Tommy's Story: Ghosts of Puget Sound

August 25th, 2058

I was nineteen years old.

My first astral quest had taught me a lot.  My magical talent was stronger and I had learned the technique to "quicken" spells to make them permanent.  But with a new life to start living I was in need of work to pay my modest bills.  I sent a message to Sheila X to let her know I was available, then settled down for a long wait.

I spent the next nine days watching old twentieth century flat vid cartoons, doing some light exercise, meditating, and going a little stir crazy.


On the tenth day my phone rang.

"Tommy, can you swim?" Sheila's question struck me as oddly interesting.

"Like a fish," my answer was far more true that she could have expected.

"Great, lets talk soon."  Sheila broke the call before I could respond.

I grabbed my go bag and headed for the door.  I stopped just short of opening it, realizing I may need to take stock of what I was carrying.

Can I swim?  Its an interesting question for a fixer to ask.  Can I swim?  I emptied and repacked my bag.  It was a little heavier now and had some materials that I thought might, just might, come in handy. 

I wrapped my invisibility spell around me and ducked out of my apartment.  I just barely avoided bouncing into a woman who lived down the hall. She had a baby in one of those front carry things that makes it look like its growing out of the mom's chest.  The baby gurgled and waved at me.  I waved back, remembered I was invisible, and smiled at the little squealer.  Poor kid was in for an interesting life. 

************

I landed in the parking lot at the Brick Yard, let my invisibility spell slip away as I walked around to the front.  It was 1900 hours, the sun was up and I could hear music pounding from inside.  Little Rickie opened the door for me.  I still felt that same attack of politeness that always came over me when I saw him.
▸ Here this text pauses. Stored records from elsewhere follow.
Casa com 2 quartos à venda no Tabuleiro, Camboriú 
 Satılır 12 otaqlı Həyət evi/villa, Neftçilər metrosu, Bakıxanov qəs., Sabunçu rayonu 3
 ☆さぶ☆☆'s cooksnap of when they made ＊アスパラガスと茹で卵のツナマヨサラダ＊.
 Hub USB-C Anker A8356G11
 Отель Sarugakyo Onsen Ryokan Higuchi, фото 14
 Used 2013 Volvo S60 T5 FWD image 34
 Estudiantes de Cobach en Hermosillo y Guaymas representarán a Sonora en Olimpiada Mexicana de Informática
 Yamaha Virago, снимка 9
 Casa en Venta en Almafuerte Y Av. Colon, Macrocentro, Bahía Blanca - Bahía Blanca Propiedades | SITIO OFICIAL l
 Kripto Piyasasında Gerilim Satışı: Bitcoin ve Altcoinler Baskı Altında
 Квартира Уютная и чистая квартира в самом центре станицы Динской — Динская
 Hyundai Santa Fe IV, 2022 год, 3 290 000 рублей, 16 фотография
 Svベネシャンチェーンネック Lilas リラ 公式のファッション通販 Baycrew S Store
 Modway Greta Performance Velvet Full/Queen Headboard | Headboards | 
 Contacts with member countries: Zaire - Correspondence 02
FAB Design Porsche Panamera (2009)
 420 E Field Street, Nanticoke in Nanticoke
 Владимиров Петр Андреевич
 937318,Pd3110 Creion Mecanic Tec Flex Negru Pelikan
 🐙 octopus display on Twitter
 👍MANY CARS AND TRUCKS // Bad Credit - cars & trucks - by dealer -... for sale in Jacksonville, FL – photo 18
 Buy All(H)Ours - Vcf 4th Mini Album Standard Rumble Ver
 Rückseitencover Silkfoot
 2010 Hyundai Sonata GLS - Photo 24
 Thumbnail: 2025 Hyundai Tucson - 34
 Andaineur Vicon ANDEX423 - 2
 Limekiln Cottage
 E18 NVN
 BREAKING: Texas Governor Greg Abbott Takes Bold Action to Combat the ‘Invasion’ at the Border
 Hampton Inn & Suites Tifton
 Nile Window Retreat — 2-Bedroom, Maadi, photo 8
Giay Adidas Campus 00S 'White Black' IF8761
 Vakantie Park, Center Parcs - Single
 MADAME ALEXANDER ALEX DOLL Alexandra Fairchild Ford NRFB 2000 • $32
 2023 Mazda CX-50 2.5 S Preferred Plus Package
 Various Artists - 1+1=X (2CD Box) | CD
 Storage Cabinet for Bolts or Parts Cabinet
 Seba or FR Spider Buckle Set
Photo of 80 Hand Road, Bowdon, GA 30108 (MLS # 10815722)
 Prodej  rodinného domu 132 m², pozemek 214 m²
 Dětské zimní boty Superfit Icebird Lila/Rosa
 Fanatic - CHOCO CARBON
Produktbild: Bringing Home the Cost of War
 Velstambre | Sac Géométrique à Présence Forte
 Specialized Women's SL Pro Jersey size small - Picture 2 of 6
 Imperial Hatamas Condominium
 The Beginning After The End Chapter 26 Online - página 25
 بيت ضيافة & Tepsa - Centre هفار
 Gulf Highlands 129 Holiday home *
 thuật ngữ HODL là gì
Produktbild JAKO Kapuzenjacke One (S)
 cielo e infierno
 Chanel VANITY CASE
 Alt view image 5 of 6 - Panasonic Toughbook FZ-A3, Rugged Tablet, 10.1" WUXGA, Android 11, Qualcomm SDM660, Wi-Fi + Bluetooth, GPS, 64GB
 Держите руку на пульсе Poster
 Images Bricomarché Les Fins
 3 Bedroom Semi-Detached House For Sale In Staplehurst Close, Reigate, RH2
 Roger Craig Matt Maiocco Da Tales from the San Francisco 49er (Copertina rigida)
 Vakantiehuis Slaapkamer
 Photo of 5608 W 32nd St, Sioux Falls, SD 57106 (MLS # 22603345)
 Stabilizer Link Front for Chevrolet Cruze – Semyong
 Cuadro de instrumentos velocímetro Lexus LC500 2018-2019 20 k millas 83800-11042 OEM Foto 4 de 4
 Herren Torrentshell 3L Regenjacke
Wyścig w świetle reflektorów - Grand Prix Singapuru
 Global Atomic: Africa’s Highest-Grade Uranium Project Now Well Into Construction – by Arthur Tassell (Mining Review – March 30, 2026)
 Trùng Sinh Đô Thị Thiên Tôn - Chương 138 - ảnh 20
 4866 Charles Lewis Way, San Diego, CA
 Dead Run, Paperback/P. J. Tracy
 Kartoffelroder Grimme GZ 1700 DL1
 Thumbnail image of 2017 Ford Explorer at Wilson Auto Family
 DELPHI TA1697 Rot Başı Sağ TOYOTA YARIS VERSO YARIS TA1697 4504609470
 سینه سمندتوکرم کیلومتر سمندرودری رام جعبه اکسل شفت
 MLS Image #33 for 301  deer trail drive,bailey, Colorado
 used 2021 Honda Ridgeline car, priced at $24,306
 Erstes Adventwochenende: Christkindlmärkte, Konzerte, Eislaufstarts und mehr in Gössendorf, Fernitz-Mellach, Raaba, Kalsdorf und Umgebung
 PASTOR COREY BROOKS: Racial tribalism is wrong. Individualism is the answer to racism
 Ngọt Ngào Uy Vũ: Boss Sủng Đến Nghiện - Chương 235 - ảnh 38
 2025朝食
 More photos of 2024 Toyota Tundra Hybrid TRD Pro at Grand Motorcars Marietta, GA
"Hey Rick.  Thanks Omae." I strode in and felt the pulse of the music hit me.  I made my way to the bar, and managed to keep myself from dancing all the way there. 

There was a band I liked at the Brick Yard that night, "Grey haired goddesses" they did covers of a lot of old songs from the twentieth.  A five woman group of vicious elves, they were hammering out their tribute to "The Sky is a Poisonous Garden" by Concrete Blonde*.  I was loving the vibe and for just a moment forgot I was there on business.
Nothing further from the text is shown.